L’Etat est en effet actionnaire majoritaire, et souvent unique, de quelque 30.000 entreprises dont le FMI recommande d’améliorer la gestion ainsi que la transparence de la comptabilité.
La Russie, un placement sûr ?
Last but not least, s’ils semblent avoir retrouvé les bonnes grâces des investisseurs, les emprunts souverains émis par la fédération de Russie ont également retrouvé celles des agences de notation.
En début d’année, on se souvient que Moody’s avait relevé d’un cran à « Baa3 » la qualité de crédit de la dette russe, dette qu’elle considérait précédemment comme un placement spéculatif.
Avec cette décision, l’agence saluait l’endettement public très faible du pays, ses actifs publics importants ainsi qu’une dette extérieure en diminution constante par rapport aux actifs en devises étrangères.
« Autant de facteurs qui devraient assurer à Moscou un degré important de résilience face aux difficultés structurelles du pays », selon Moody’s.
Investir en rouble avec un rendement de 6,26%
Pour l’investisseur qui souhaiterait diversifier son épargne dans du papier russe, nous n’avons pas trouvé d’obligations se traitant à un cours attractif.
En revanche, il est possible d'acheter des obligations libellées en rouble, devise qui fait bonne figure depuis le début d’année, en marge du regain d’intérêts des investisseurs pour les actifs émergents.
Parmi d’autres, nous avons isolé l'emprunt remboursable en juillet 2023 émis par la Banque mondiale.
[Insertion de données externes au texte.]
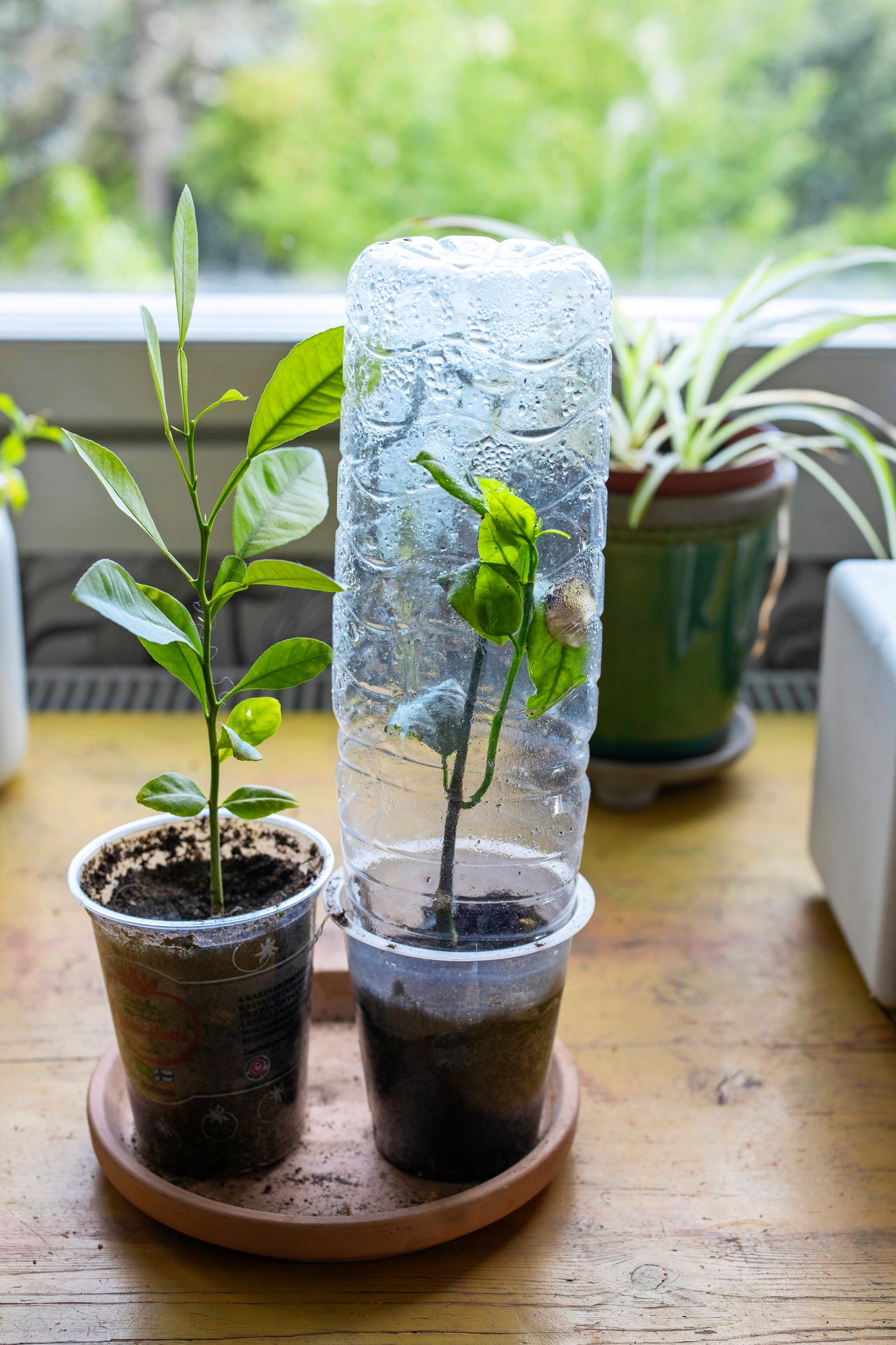mini greenhouse from a plastic bottle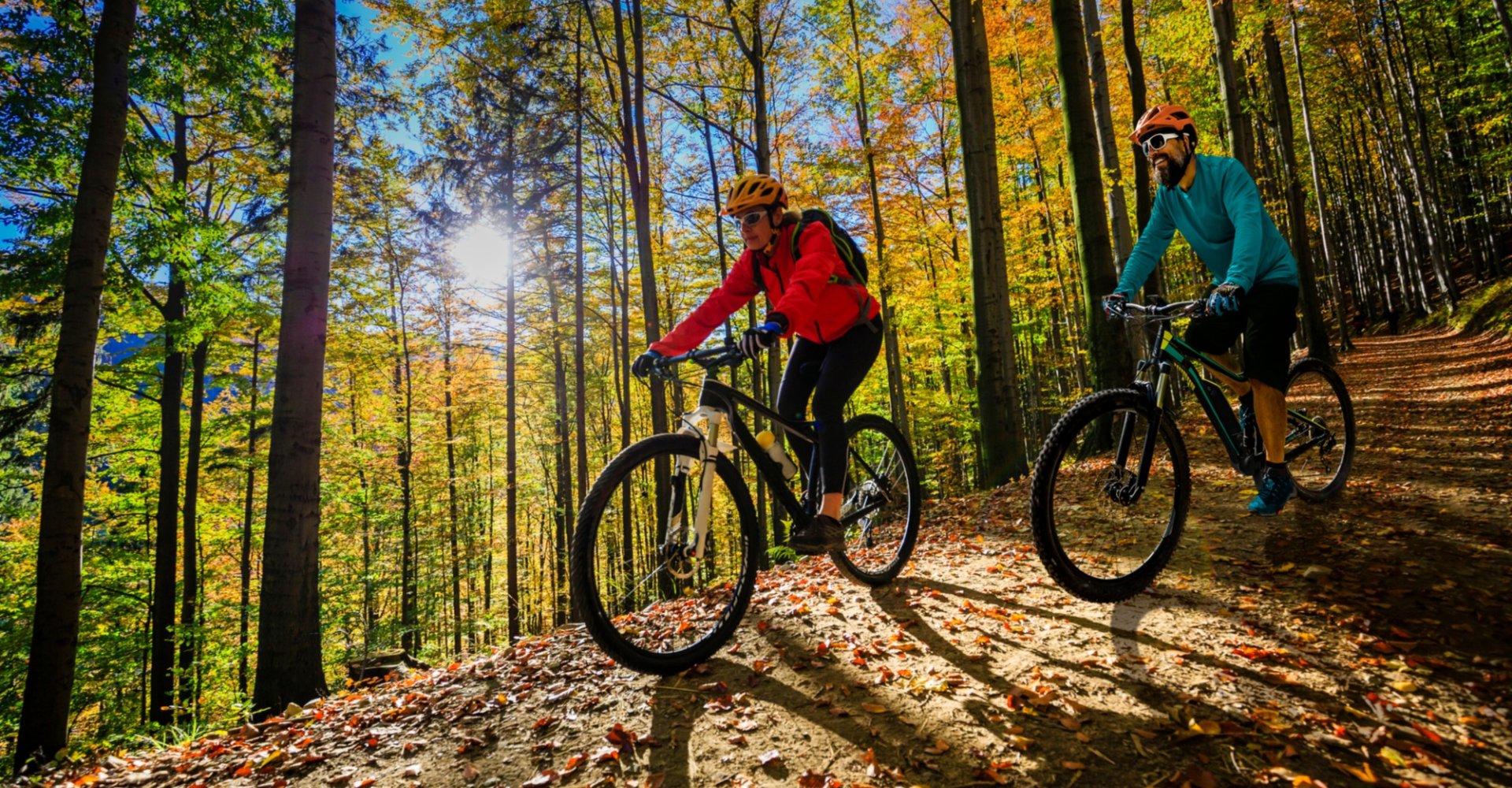 En bicicleta por el bosque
Sur base d’un cours de 99% du nominal, elle permet de tabler sur un rendement à l'échéance de 6,26%.
L’emprunt n’est pas noté chez Standard & Poor’s, mais il bénéficie d’un « AAA » chez Fitch Ratings, la meilleure note disponible.
Le risque lié à l’émetteur est donc limité au maximum et porté essentiellement sur l'évolution du rouble.
Le rouble soutenu par la Banque centrale
Concernant l’évolution du rouble justement, il signe une hausse de plus de 8% depuis le début d’année contre l’euro et était bien orienté la semaine passée après que la Banque centrale russe ait abaissé son principal taux directeur de 25 points de base à 7,50%, conformément aux attentes et prenant acte de la décélération de l'inflation.
L’institution monétaire a annoncé de possibles nouvelles baisses de taux dans les prochains mois. Il semblerait que la perspective d'une valorisation de la dette russe à la faveur du mouvement de baisse des taux ait soutenu le rouble.
La devise a manifestement également bénéficié du rebond du baril de brut après les attaques contre deux pétroliers dans le golfe d'Oman.